I first heard this album way back in May. There was a quality, I knew was worth some understanding. Yet in the gearing up to summer it seemed discordant. Then as time does, it got busy and this was put aside, fortuitously. Coming back to this again in quieter months of new winter. Its vast beauty seems unending. The light seems right for this kind of music.

There is a complex story of labelmates and a fiftieth anniversary for Nonesuch Records. Look into it if you're interested. More importantly than slaps on the back, music of this quality is of such a lushness that all other factors are reduced to footnotes.

It takes time to take in this record. Not a common currency. But worth your while if you can take the time. 'Oh Where' sung by Amidon pushes the door open. At first glance, it can appear soporific, but that’s a foolish fast first look. Trust in your stereo, and try it on cold afternoons or evenings. Lone dog walks within a frost. There is a seasonal taste to this album. That is as rich and as delicate as winter skin. It's a thing of beauty.

Giddens is a voice that if it doesn't stop you in your tracks, you need to give yourself a good looking over. Sweet as a bell hard as a hammer. All the sweetness and bitterness of the human heart consumed and concentrated down into song. 'Factory Girl' is all Giddens.
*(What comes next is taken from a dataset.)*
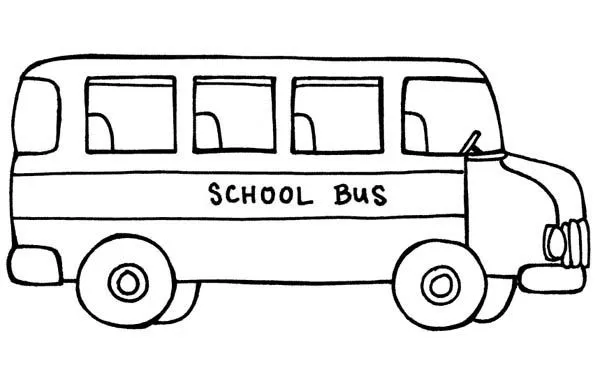 A School Bus in School Parking Lot Coloring Page | Kids Play Color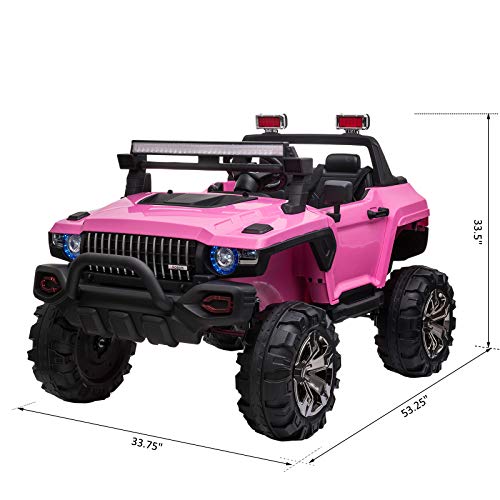 Aosom 12V Police Car Ride-on Truck with Remote Control & Siren, 2-Seater Battery-Operated Electric Car for Kids with Music, Electric Ride-on Toy with Horn, Pink from Aosom LLC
'I See the Sign' hits like reflection on top of a high peak. Seems to know something you know, and maybe a little more. Can make you look at what's passing and see some beauty in what you might have not caught. It catches what's in the corners of whatever landscape you're looking at when listening.

Hello Costume drama. In walks Natalie Merchant. Just when you might think you've got this album figured. She's a regal lament, gilding every coarse edge of the well-known ballad 'Johnny Has Gone for a Soldier' with a soft gold and the kindness of valiant dew.

It’s not an album to put in your coffee. But it's a lush experience full of unexpected comfort. There's a fireside spark that runs a thread throughout. It feels like a well told tale underneath an inglenook. Something passed by hand.